(Short web captions)
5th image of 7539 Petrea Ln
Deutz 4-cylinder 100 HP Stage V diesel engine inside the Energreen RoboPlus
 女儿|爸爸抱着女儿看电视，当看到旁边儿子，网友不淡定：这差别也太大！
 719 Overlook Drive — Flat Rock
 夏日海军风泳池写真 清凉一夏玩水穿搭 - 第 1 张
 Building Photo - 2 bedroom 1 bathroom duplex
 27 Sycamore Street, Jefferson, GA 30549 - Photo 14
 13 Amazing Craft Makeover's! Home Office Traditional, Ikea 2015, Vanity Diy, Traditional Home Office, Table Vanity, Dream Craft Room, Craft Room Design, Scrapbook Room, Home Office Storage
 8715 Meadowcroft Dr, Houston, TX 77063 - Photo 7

**TASK DESCRIPTION**.
Would you quote, exactly and only, the lines from the one containing "Building Photo - 2 bedroom 1 bathroom duplex" to the end of the entries?

**ANSWER TO THIS EXERCISE**.
 Building Photo - 2 bedroom 1 bathroom duplex
 27 Sycamore Street, Jefferson, GA 30549 - Photo 14
 13 Amazing Craft Makeover's! Home Office Traditional, Ikea 2015, Vanity Diy, Traditional Home Office, Table Vanity, Dream Craft Room, Craft Room Design, Scrapbook Room, Home Office Storage
 8715 Meadowcroft Dr, Houston, TX 77063 - Photo 7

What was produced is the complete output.